**TASK ITEM:**
Without the pictures, write the listing below out again, line for line.

**DATA EXCERPT:**
-- Opening Marker --

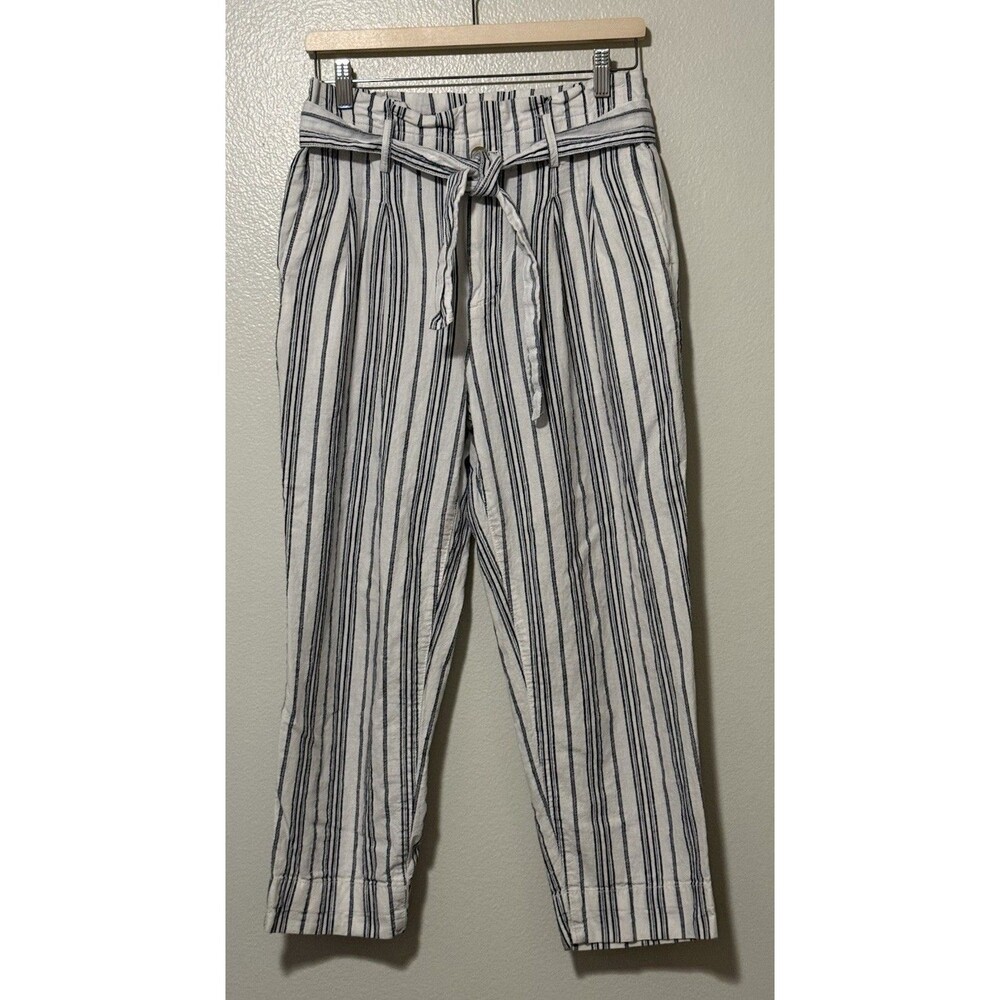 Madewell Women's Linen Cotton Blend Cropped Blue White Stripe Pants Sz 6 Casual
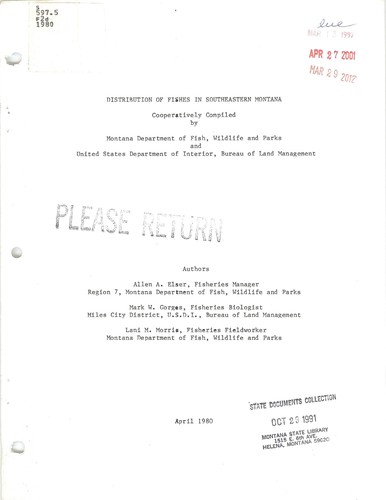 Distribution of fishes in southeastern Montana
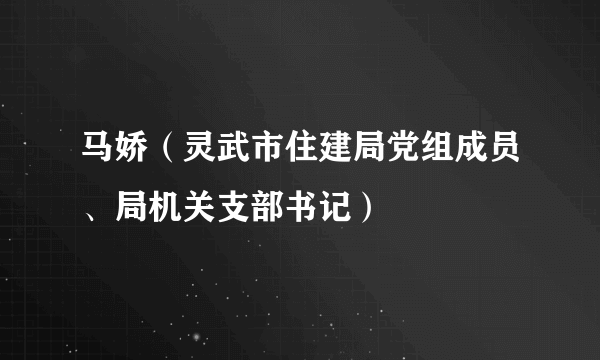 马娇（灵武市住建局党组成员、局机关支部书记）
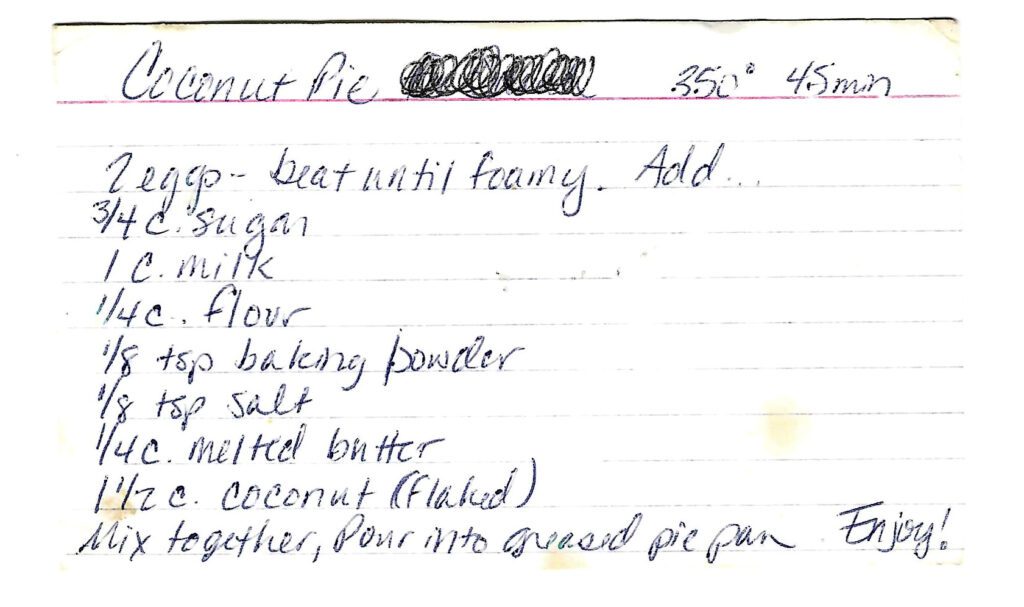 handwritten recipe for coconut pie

-- Closing Marker --

**TASK RESULT:**
 Madewell Women's Linen Cotton Blend Cropped Blue White Stripe Pants Sz 6 Casual
 Distribution of fishes in southeastern Montana
 马娇（灵武市住建局党组成员、局机关支部书记）
 handwritten recipe for coconut pie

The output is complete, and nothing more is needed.